I get what you're saying here, but it IS the 80-90% of the show. It's like saying you don't care about the terrorism of Homeland. And it isn't a gabillion items, it were the themes that have tied that specific episode AND the season all together. Its not even some really deep reading. I also need to go watch that episode of South Park. This is from the A.V. Club, it's not complicated at all, but it is the reason it happened and the justification for it as well. Well she was talking about it with Abe like they could get out of it quick, but I guess not. Maybe she's staying in it as a way to grow and fight through. There has been less outside noise these last two episodes.
Please remember this sentence when you watch that South Park episode. I imagine the author who wrote this pulling another classic South Park moment a second after writing it:
It's possible, I suppose, but that look on Benson's face in Pete's office when Pete called being gay disgusting or something seemed to be one of genuine hurt. And that was before he doubled down with the grade-school knee bump seduction. If anything, I think his Lloyd Braun act is how he compensates. Also, he clearly fits what I'm going to assume is Weiner's 1960s version of gay: sensitive and immune to the charms of women. See: Sal Romano.

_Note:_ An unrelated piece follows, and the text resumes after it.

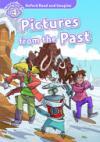Pictures From The Past (Read and Imagine - 4)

You're underestimating the power of nostalgia. He's at a summer camp with his boy and there's the mother of his children looking model-hot like she did when they first met. Add that to the fact that he still has a functional penis, and it didn't surprise me a bit that he wanted to hit that. As far as Betty goes, fuck yeah she'd try to seduce Don. He was the one that got away. She was a sexy motherfucker and he was stepping out on her every minute, so she goes and gets a nice new (and powerful and attractive) husband, but is there closure for the blow to her self-esteem? Hell no. Then she gets fat, feels like a piece of shit, and then gets hot again and here is sex-dripping-out-of-every-pore Don Draper, giving her that look that he used to reserve for the women he was cheating on her with. Now she's the girl he can cheat on his wife with. What a fucking rush, right, Betty? And then to walk away from it all right into the arms of her hot, rich husband who also has a respectable family background. It's the only time I thought, "Fuck yeah, get that shit, you dumb fucking cunt." But I didn't really give it a lot of thought, so who knows.
So Bob is smiley gay Don? And Peggy is now grown up Sally, disillusioned and disappointed with the Old Man. I honestly think Don isn't doing this stuff to fuck with Ted, or at least he wasn't until Ted started up with his little girl. Hey, has anyone noticed that Pete is a slimy excuse for a human?

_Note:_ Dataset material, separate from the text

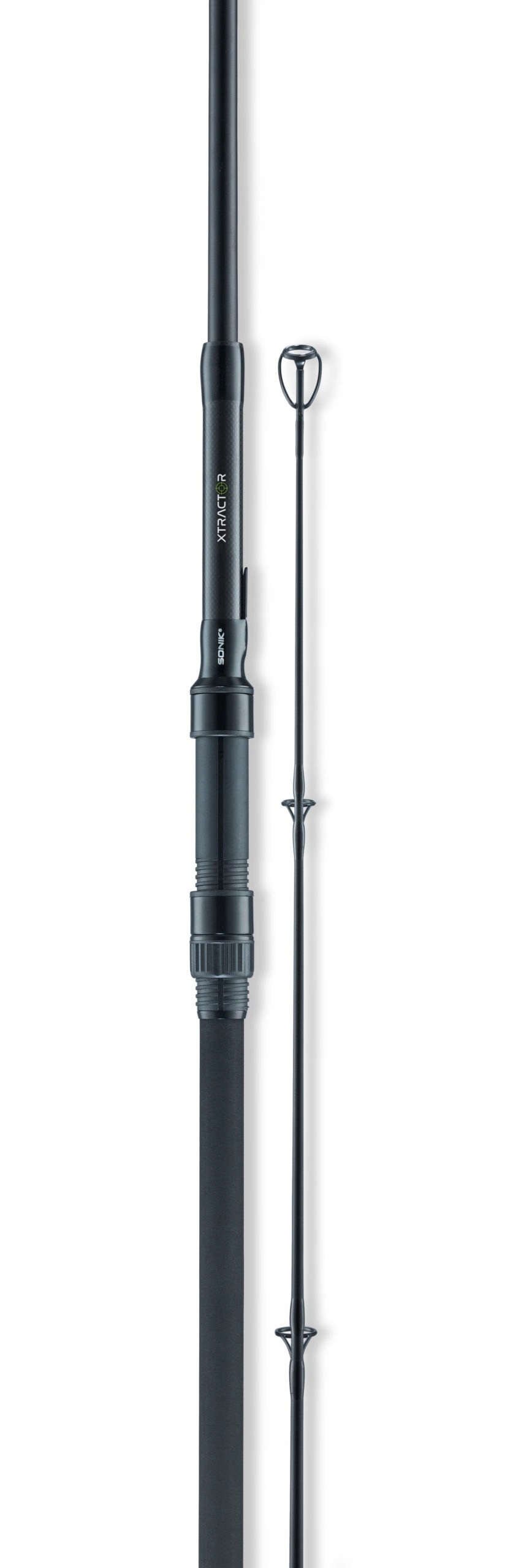 WĘDKA KARPIOWA SONIK XTRACTOR - 9ft 3.00LB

I don't...think...I'm really getting Mad Men this season. I'm enjoying it, for the most part, but after almost every episode I have this uneasy feeling that things are going over my head and I'm not getting the Bigger Picture yet. Maybe I'm supposed to be feeling that way, or something, but I've always felt that I've been pretty good at understanding the subtext and the subtlety and the symbolism and all that, and while I don't think I'm missing everything on a smaller scale, I think there's something that hasn't really fallen into place for understanding the meaning of the season as a whole. I got the departure from the norm last season because of the big culture shifts that were going on, but this season feels so chaotic - which I've been wondering is maybe the point itself seeing as what the country was like in '68. Most of what I read seems to be similarly scrambling to make sense of it, though, so I don't feel too bad. But, I'm kind of hoping that the finale will have some kind of "ooooooohhhhhhhhh" moment that will tie things together or clear things up even somewhat.